Input material:
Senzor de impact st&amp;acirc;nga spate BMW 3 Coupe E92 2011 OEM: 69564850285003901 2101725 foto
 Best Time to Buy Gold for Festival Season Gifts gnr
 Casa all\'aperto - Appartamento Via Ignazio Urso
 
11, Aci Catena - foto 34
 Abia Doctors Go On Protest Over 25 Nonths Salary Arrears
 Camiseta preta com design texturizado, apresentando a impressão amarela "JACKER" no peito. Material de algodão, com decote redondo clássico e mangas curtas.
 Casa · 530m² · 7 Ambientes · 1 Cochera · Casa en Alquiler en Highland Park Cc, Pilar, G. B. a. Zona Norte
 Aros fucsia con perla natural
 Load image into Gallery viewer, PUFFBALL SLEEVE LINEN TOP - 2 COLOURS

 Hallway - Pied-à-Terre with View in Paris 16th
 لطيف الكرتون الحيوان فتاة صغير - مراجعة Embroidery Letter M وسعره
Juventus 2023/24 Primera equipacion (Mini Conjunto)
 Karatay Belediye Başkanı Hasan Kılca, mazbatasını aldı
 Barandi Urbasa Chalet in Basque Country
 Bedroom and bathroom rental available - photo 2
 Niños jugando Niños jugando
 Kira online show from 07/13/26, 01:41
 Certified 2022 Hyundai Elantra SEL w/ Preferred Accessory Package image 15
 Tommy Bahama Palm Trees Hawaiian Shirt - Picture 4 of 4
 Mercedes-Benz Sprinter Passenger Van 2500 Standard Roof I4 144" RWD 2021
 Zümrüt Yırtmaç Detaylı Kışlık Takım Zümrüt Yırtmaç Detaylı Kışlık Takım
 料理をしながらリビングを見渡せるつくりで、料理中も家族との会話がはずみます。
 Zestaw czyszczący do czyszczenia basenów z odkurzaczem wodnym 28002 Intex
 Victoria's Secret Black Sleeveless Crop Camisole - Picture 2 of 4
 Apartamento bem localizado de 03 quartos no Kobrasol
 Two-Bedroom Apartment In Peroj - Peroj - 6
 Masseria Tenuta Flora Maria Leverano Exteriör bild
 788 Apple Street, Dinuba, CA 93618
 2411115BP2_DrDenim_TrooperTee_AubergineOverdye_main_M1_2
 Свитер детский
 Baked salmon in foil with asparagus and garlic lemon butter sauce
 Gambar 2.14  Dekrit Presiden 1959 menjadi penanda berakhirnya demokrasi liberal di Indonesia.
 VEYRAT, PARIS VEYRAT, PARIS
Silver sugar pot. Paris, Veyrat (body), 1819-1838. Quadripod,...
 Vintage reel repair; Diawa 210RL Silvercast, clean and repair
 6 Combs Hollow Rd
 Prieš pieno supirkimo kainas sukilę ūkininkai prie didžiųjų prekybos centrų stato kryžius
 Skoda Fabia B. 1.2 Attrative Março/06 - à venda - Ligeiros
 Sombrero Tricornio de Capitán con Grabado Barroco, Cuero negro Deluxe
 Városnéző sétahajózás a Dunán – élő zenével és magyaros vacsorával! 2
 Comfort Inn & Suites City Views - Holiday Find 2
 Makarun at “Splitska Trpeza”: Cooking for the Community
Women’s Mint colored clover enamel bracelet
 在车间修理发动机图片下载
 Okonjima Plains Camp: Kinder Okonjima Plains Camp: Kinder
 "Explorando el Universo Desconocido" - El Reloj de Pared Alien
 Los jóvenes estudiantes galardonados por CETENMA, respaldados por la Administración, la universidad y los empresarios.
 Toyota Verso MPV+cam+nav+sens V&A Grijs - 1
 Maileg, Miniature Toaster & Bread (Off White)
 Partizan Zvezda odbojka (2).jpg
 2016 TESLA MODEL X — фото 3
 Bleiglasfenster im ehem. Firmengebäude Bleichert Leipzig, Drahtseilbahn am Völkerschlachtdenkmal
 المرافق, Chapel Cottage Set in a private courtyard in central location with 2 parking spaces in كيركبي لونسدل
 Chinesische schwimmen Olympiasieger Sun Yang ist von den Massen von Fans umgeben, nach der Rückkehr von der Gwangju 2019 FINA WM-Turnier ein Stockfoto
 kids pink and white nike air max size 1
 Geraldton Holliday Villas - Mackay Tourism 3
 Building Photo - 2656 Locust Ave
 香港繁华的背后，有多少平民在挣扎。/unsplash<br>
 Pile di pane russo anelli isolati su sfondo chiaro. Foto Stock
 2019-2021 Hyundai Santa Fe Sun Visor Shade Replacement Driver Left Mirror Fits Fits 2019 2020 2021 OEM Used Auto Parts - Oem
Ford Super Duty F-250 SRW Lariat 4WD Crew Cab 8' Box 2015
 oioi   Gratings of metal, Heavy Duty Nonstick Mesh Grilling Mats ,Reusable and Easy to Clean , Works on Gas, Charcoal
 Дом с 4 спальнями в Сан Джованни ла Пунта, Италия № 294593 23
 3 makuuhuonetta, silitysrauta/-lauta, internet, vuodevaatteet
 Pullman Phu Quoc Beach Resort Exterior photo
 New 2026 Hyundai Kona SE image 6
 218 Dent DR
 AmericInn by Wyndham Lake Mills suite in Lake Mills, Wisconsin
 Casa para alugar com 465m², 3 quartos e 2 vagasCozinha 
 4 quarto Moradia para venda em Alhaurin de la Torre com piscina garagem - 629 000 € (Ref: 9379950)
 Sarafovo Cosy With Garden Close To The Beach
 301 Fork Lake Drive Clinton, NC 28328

Problem:
Pull out all lines from the entries above that include the word "venda".

Task output:
 Skoda Fabia B. 1.2 Attrative Março/06 - à venda - Ligeiros
 4 quarto Moradia para venda em Alhaurin de la Torre com piscina garagem - 629 000 € (Ref: 9379950)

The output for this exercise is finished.